The same applies to enctype selection.
I'm starting to think that there may be scenarios where either the
stronger or weaker level and/or enctype may be desired. A CM must not be
poisoned by a user, yes, but perhaps there is a single one-time data
transfer that is desired at clear or auth. I'll expand on these thoughts
below.
matters. Since we will be generating a new key anyway, the right answer
is probably to have the client send a list of supported enctypes and
have the server issuing the combined token select a suitable one.
It is tempting, as GSSNegotiate() already does so. However, we need to
come up with the same enctype on both client and server, and communicating
the result back from the server to the client could get complicated.
Huh? Why? The server already has to communicate the new token back to
the client; why can't it also communicate the enctype used?

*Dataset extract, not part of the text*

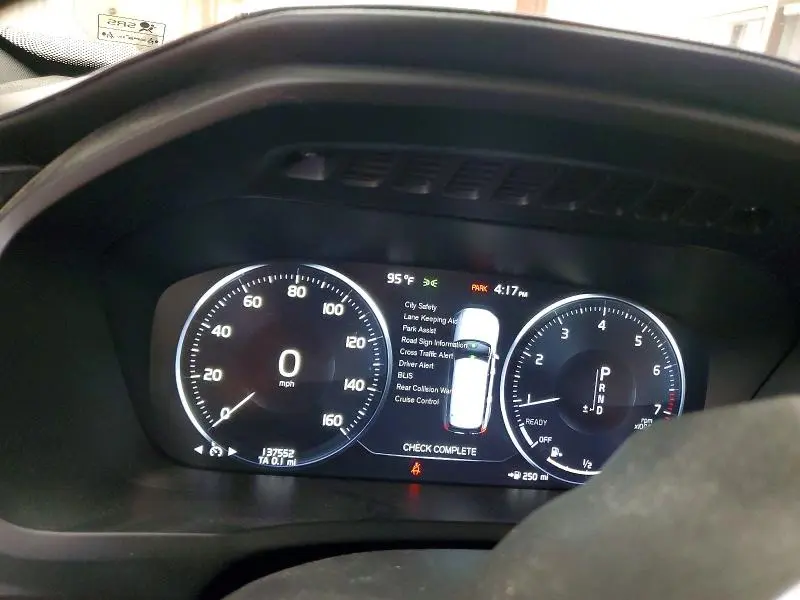 2017 VOLVO XC90 T6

It changes the RPC signature, which is by no means a blocking objection
(but might, say, hurt interoperability with already-deployed
implementations).
It also may present something of a future-proofing problem: currently, we
pass two tokens in and get a token out. If we need to start passing more
information back, we might get into trouble if an application has
app-specific data into the token that also needs information passed back.

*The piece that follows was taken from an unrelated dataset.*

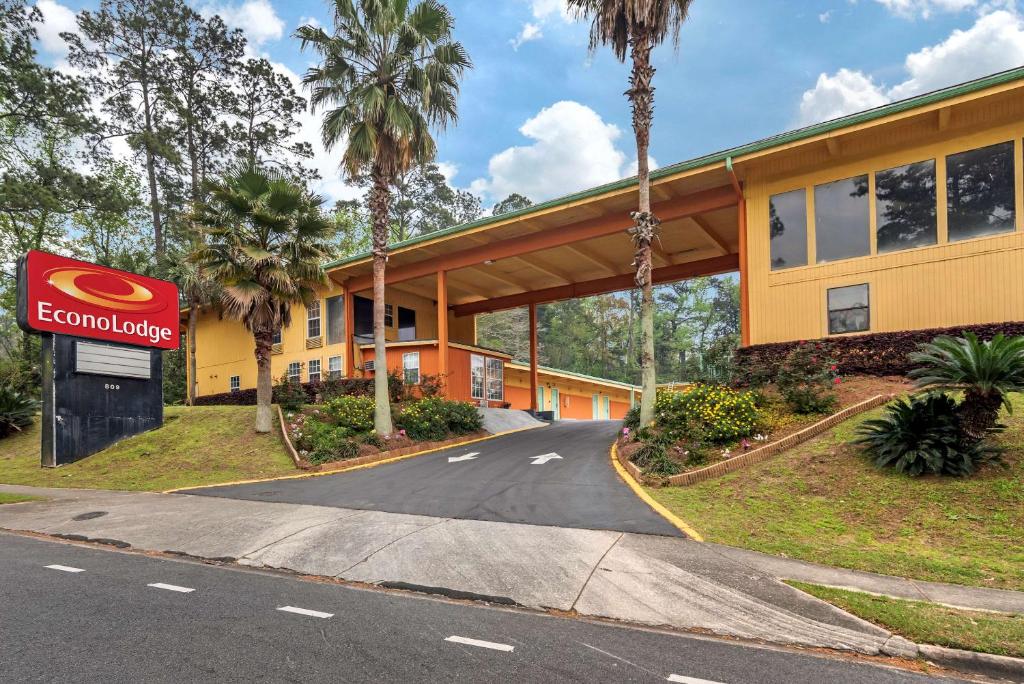 Econo Lodge Tallahassee image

If we can keep the interface as tokens-in, tokens-out only, that situation
is much cleaner.
Though, if we're going to be defining app-specific RPCs anyway
(AFSCombineTokens), maybe this is not a huge concern.

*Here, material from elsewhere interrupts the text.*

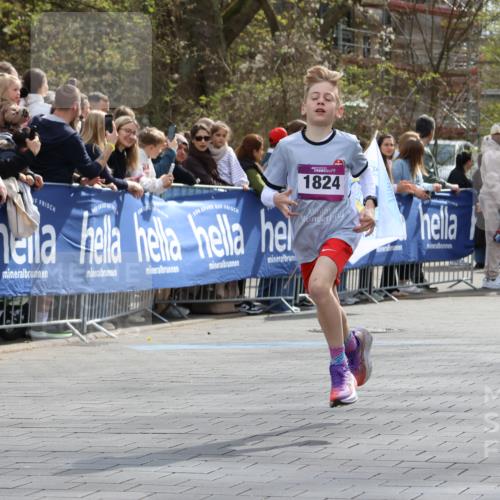12.04.2026 - 45. Internationalen Wilhelmsburger Insellauf Strokosch-Dieckow http://msf.ph/oto/9493349 12.04.2026 14:48:21 Ziel 1835, 1824 meine-sportfotos.de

(I don't have a good reason for unease, feel free to tell me I'm
wrong); can we get away with requiring that the enctypes must be the same?
No, I don't think we can, and I see no reason to do so. The construct
in question is well-formed and uses the primitives exactly as intended.
Right, random bits are random bits.
If we can't get away with requiring identical enctypes, I think I'd rather
just say "take the enctype of K0" than try a negotiation. With some text
like "the client SHOULD ensure that if K0 and K1 have different enctypes,
the stronger enctype is presented as K0", that would probably be okay.
Not if you also have rules about where the client identity in the
combined token comes from.
What form would/could such rules take? afs3-rxgk-afs does mention
ordering, but I did not see anything about how to combine identities.
Back to negotiation, a brainstorming thought: rather than have the server
send back a selected enctype (which would want to be protected under one
or the other of K0/K1), we could have the client send a nonce and the
server send it back encrypted in Kn. The client would then build Kn for
each enctype in the list and see if the nonce decrypts properly, to tell
which enctype was used. Still kind of ugly, huh.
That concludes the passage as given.